Uncle Enoch catches her eye and grins, winking so fast that it's barely a flutter of his eye.
Lorna’s hands drop to her notebook and pen in her lap.
“Oh, there’s no harm in telling her the rest, sugar. You’ve already told her the worst of it.” His eyes twinkle as he speaks. “Besides, I do so love your rendition of it.”
Perhaps Uncle Edel wants a break from his compositions just as much as Uncle Enoch does because he turns and hums, fingers drumming the edge of his jaw as he considers. At last, he slides out one of the chairs and slips into it, stealing Uncle Enoch’s tea and holding it but not sipping.
Lorna watches heat rises off of his cup and combs through the wild wisps of his hair. When he can no longer see them, the panes of his glasses opaque with steam, he begins and spins his story.

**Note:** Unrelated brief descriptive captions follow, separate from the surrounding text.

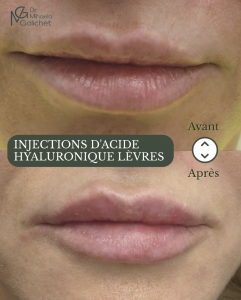 Capture d’écran 2026-02-13 à 15.06.24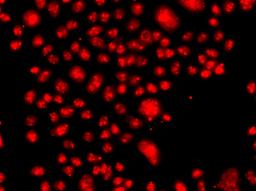 Immunofluorescence - FANCM antibody (A7602)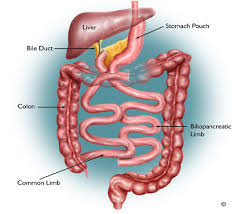 The large intestine is made up of the cecum, the ascending (right) colon, the transverse (across) colon. Biliopancreatic Diversion With Duodenal Switch Advanced Surgeons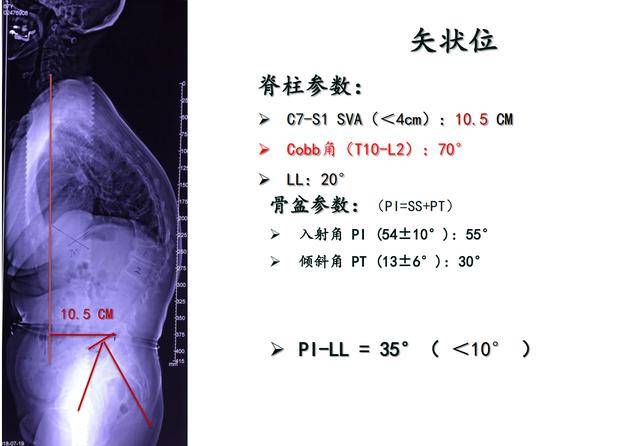 病例分享胸腰段脊柱后凸畸形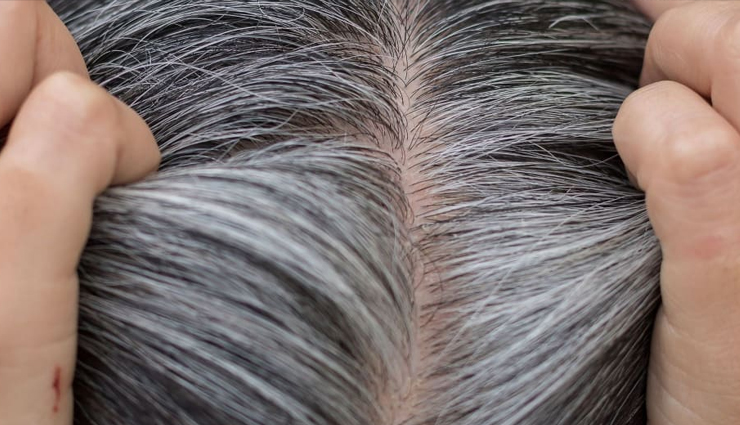 6 DIY Hair Oils To Treat Gray Hair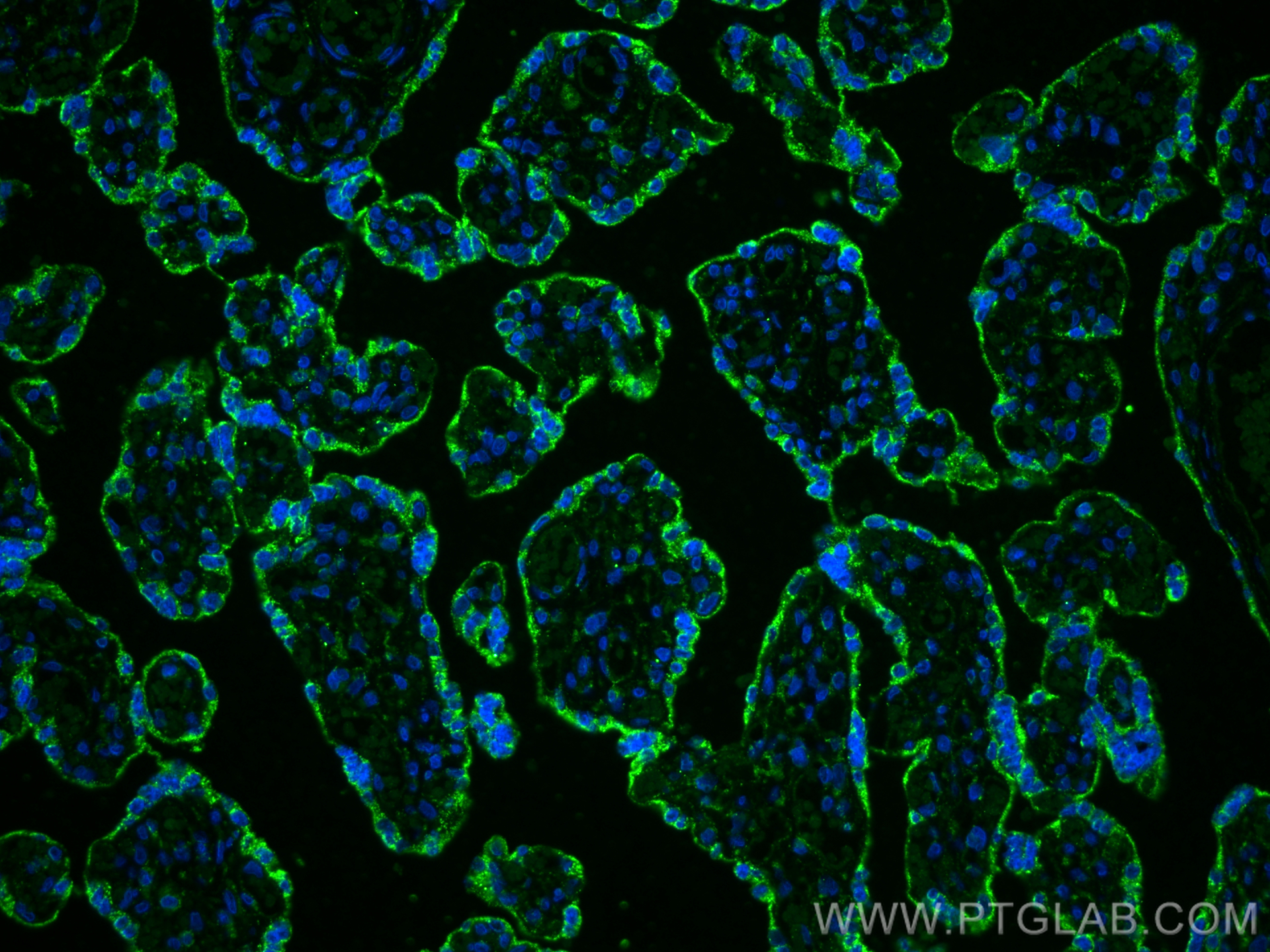 IF Staining of human placenta using 83906-6-RR (same clone as 83906-6-PBS)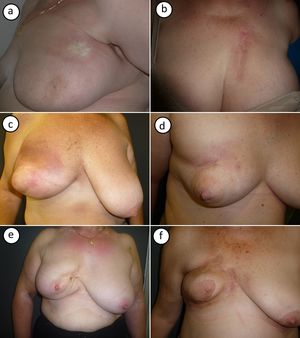 Imagen clínica de los casos de morfea postradioterapia. a) Caso número 1: morfea localizada en parte superior de la mama, cerca de la axila. Placa redondeada indurada, de superficie lisa y color marfil con borde violáceo. b) Caso número 2: morfea localizada en parte superior de la mama. Placa muy indurada sobre zona de radiodermitis. c y d) Los casos números 3 y 4 muestran una morfea en fase inflamatoria que afecta toda la mama. Inflamación con eritema e induración generalizada de la mama, respetando la zona del pezón. e y f) Los casos 5 y 6 muestran una morfea en una fase más residual. Importante retracción mamaria e hiperpigmentación postinflamatoria.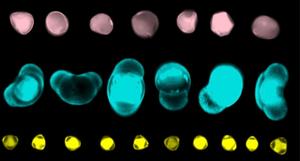 Pollen types captured via microscope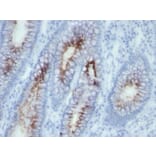 Immunohistochemistry - Anti-Carcinoembryonic Antigen Antibody [SPM506] - BSA and Azide free (A251316) - Antibodies.com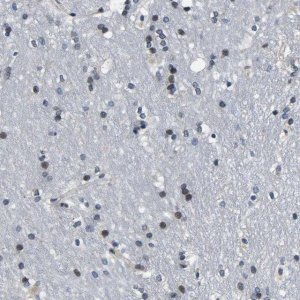 Anti-SNX10 antibody produced in rabbit 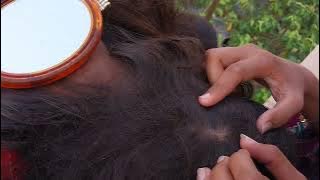 Nitpicking ASMR video 117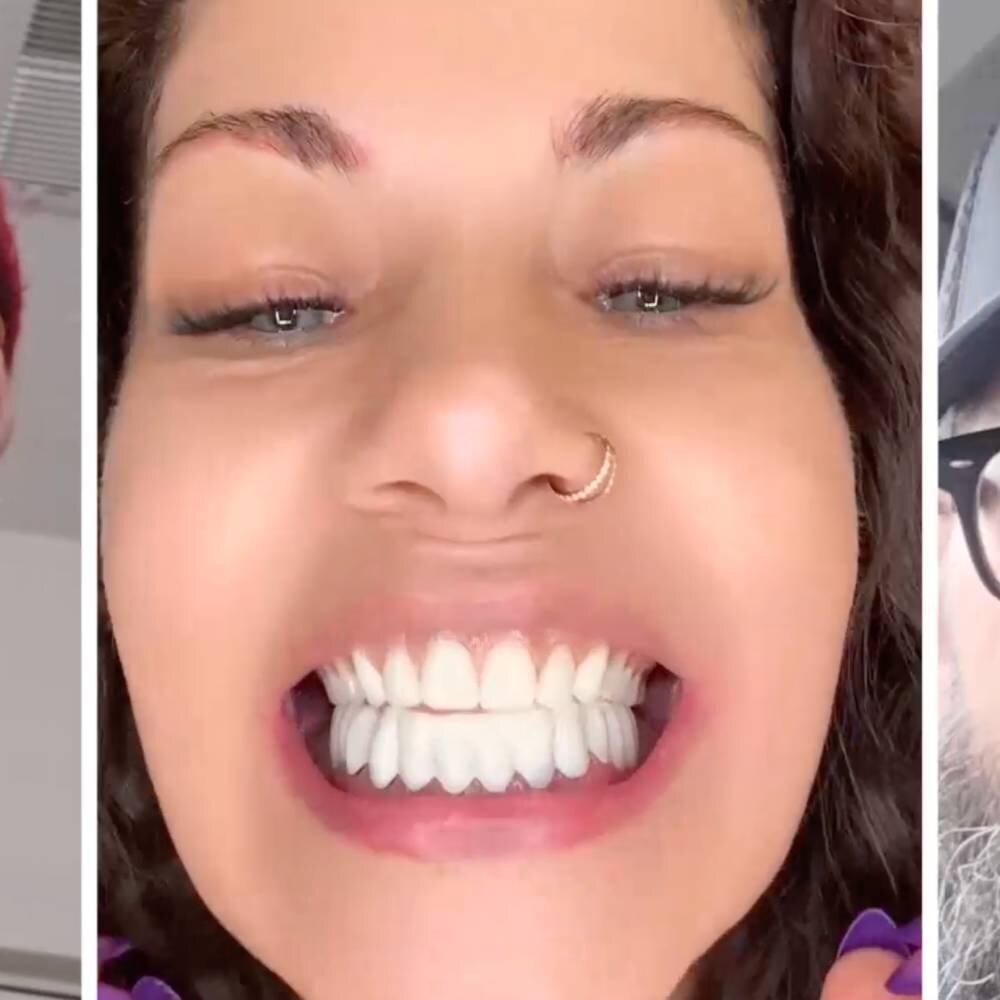 Different people smiling with WellaSmile veneers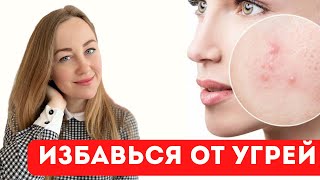 Питайся так и ты избавишься от акне без усилий! Угревая сыпь и диета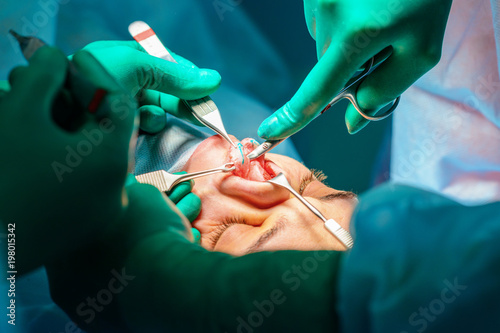 Plastic surgery of the nose in operating room, rhinoplasty photo
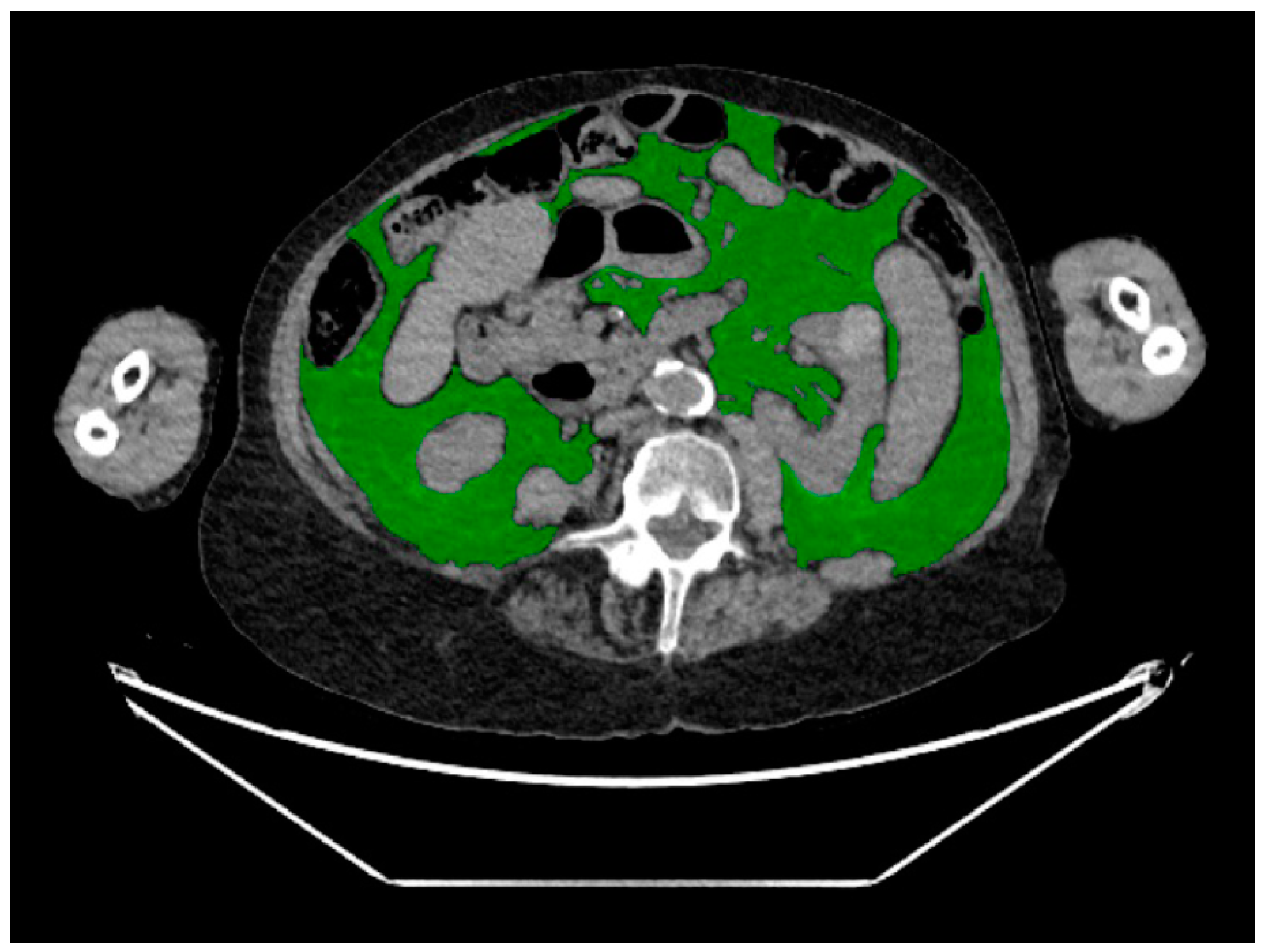 Diagnostics 14 00844 g002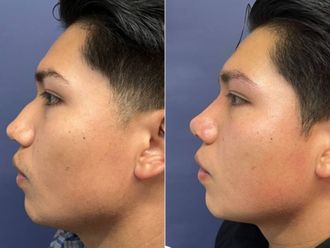 Rinoplastia antes y después - 879365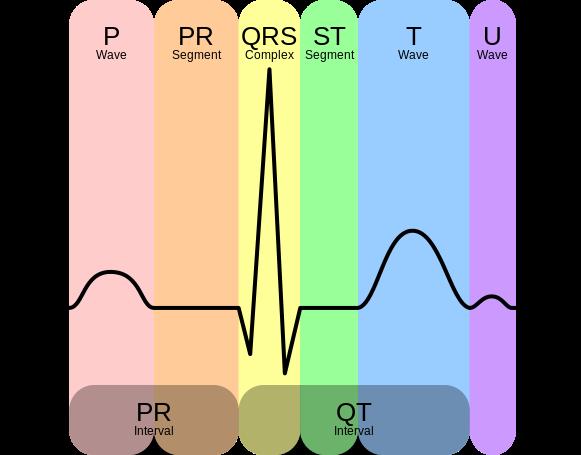 PR z przykładu odnosi się do PR interval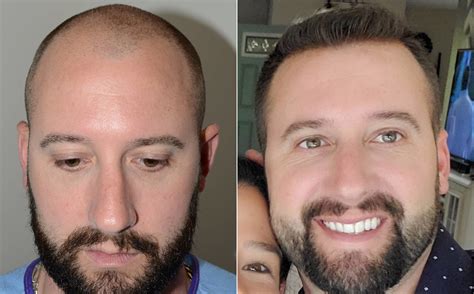 Hair Transplants for Men photos | Miami, FL | Patient117285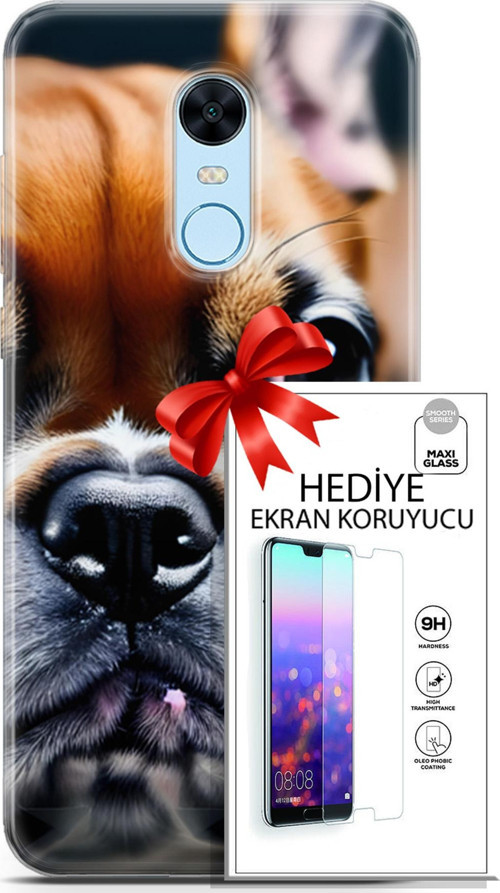 Xiaomi Redmi 5 Plus Kılıf Orijinal Seri Dogs 10 İngiliz Mastiff Full Hd Kılıf + Ekran Koruyucu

“Perhaps ask your Aunt Adelaide about her first husband instead,” Uncle Edel concludes, and Lorna glances down to her notepad.
“No, thank you! This is a way better story!” She says as she grabs her backpack and slings it over her shoulder, and prances quickly out of her Uncle’s house towards home.
“Absolutely not!” Uncle Edel yells, but Lorna’s already to the sidewalk.
Behind her, she can hear Uncle Enoch's raucous laughter and Uncle Edel’s exasperated but fond “Enoch!”